Problem >>
In the records below, reproduce exactly the lines from the one containing "PURPLE DAISY SCRUB TOP" through the one containing "Navy Striped Vesty", both included, and omit the pictures.
------ Information
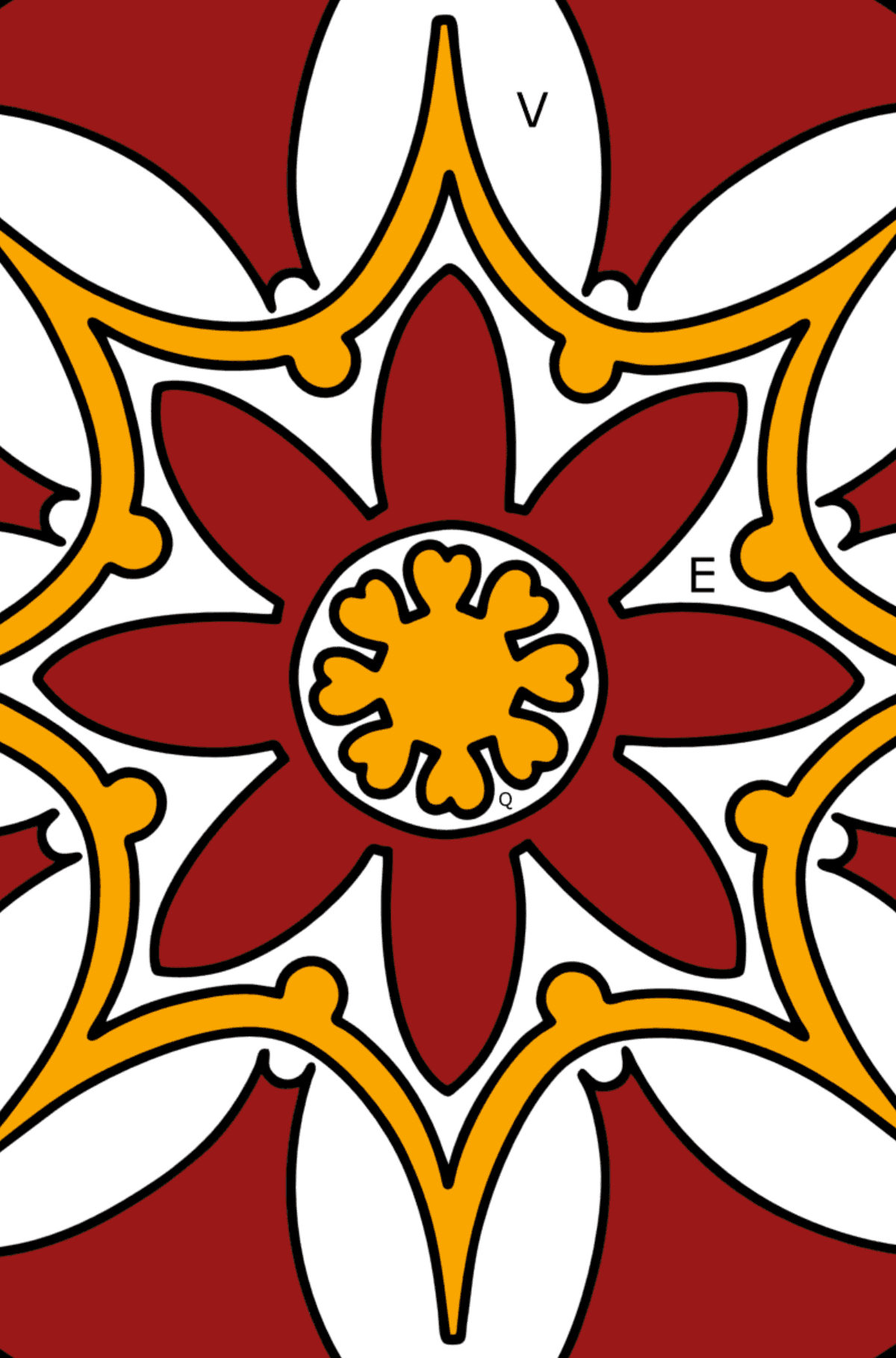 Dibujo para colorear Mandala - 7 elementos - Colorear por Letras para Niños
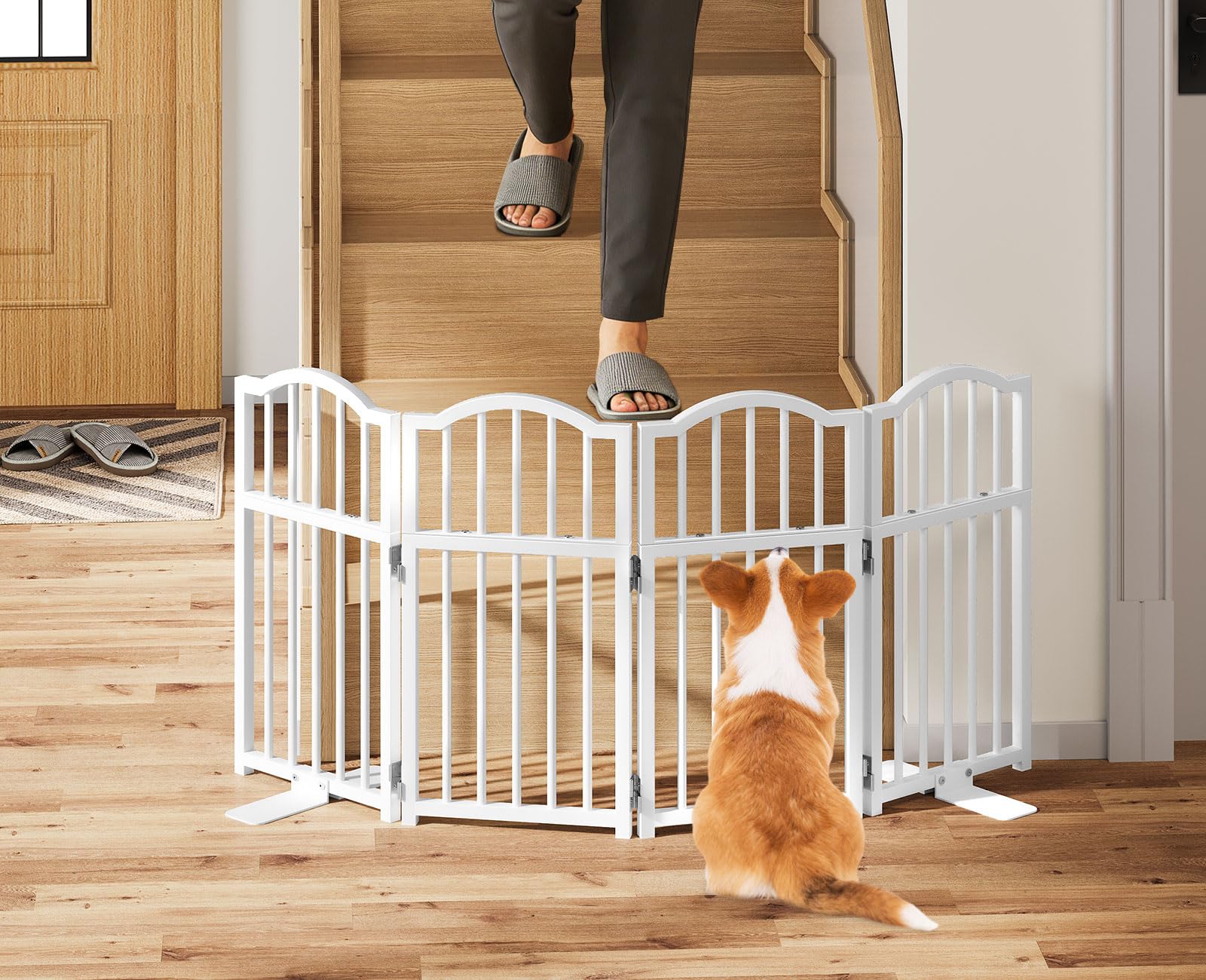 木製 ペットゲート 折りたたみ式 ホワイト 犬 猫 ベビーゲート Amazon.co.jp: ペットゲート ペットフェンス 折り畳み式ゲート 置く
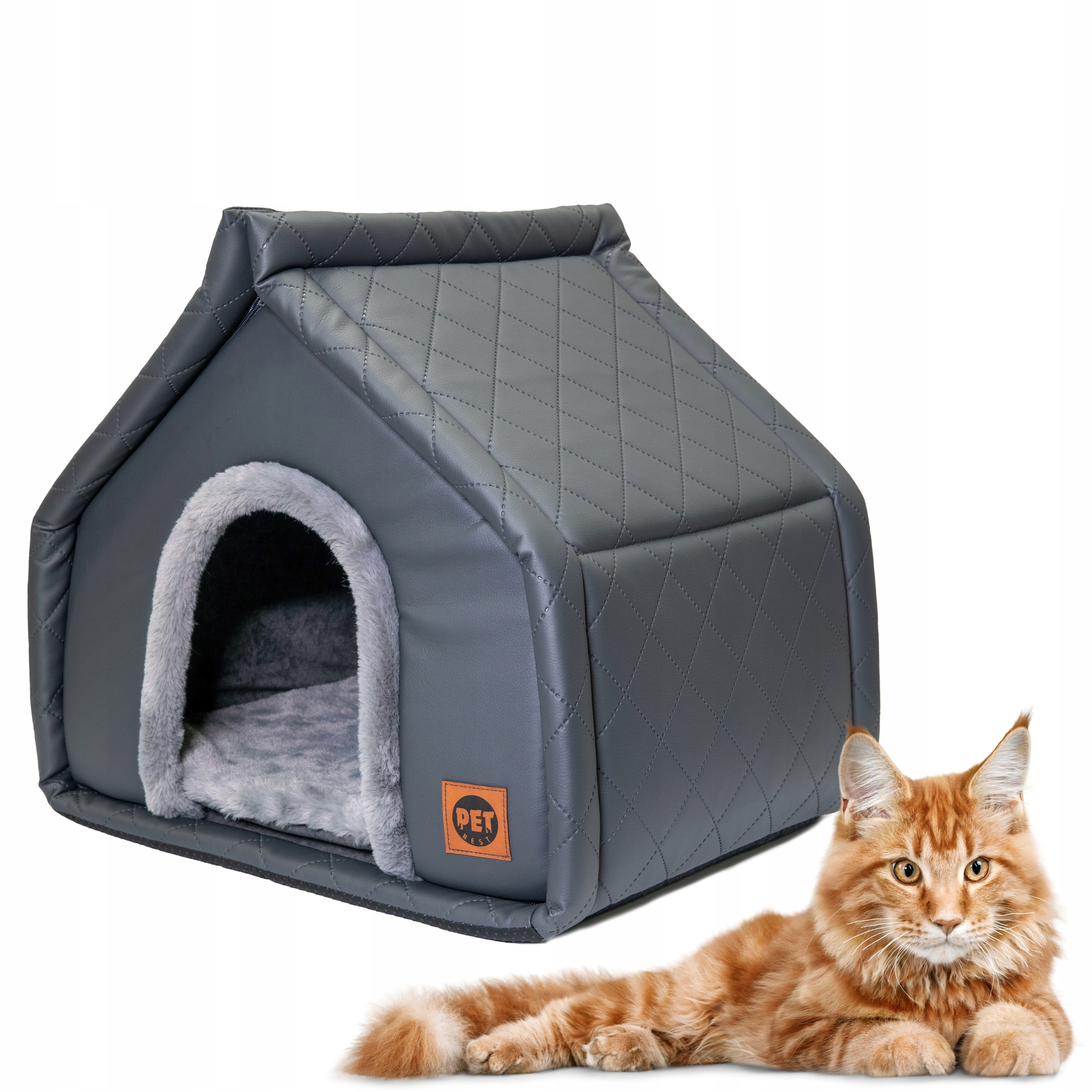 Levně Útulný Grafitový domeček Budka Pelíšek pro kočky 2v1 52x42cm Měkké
------------
------ Information
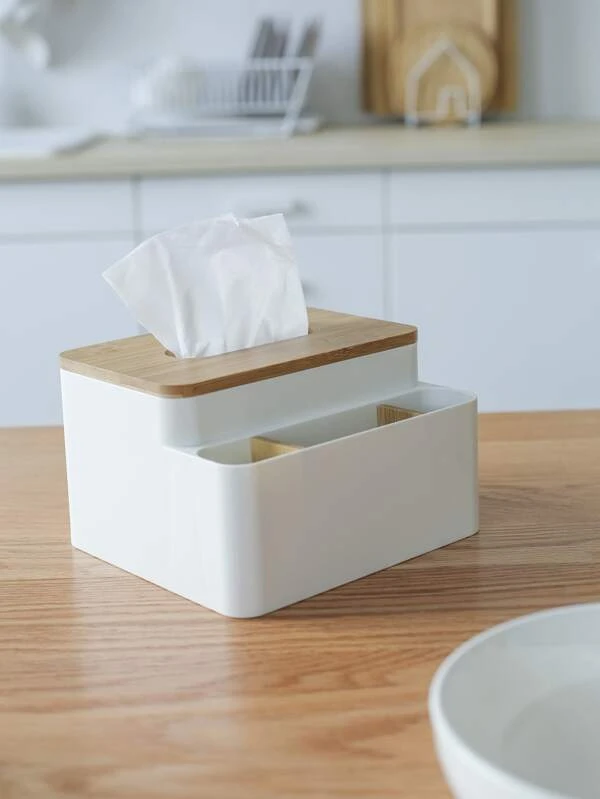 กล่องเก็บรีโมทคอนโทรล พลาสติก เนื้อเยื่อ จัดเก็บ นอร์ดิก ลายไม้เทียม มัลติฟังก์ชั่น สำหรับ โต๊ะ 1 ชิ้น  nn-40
------------
------ Information
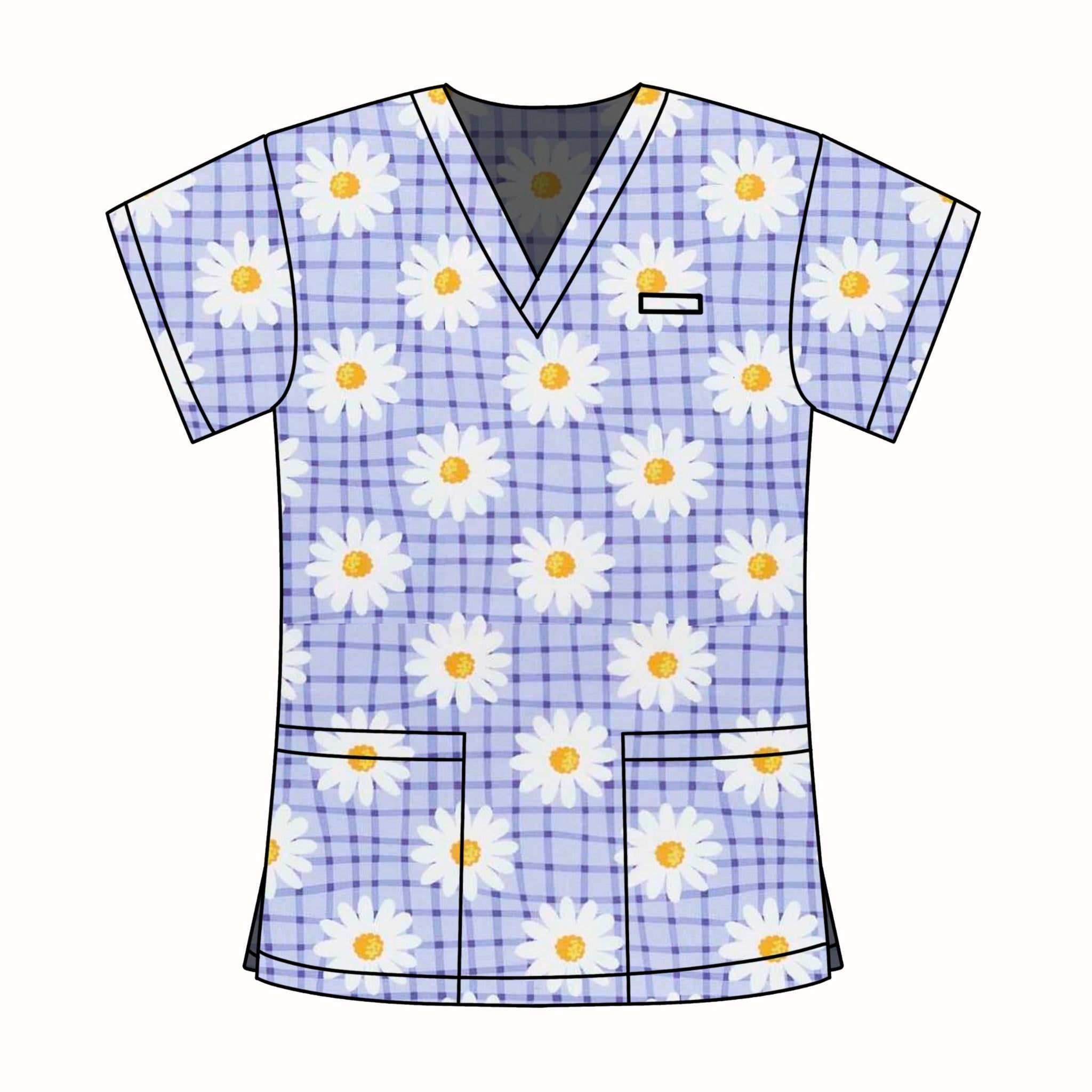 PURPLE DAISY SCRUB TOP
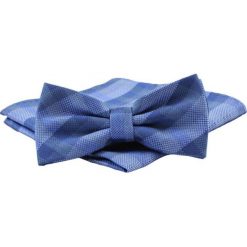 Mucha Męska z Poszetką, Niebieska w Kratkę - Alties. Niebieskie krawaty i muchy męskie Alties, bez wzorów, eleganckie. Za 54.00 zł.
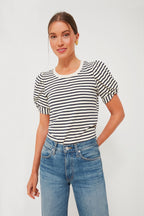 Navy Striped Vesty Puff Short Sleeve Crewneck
------------
Solution below >>
 PURPLE DAISY SCRUB TOP
 Mucha Męska z Poszetką, Niebieska w Kratkę - Alties. Niebieskie krawaty i muchy męskie Alties, bez wzorów, eleganckie. Za 54.00 zł.
 Navy Striped Vesty Puff Short Sleeve Crewneck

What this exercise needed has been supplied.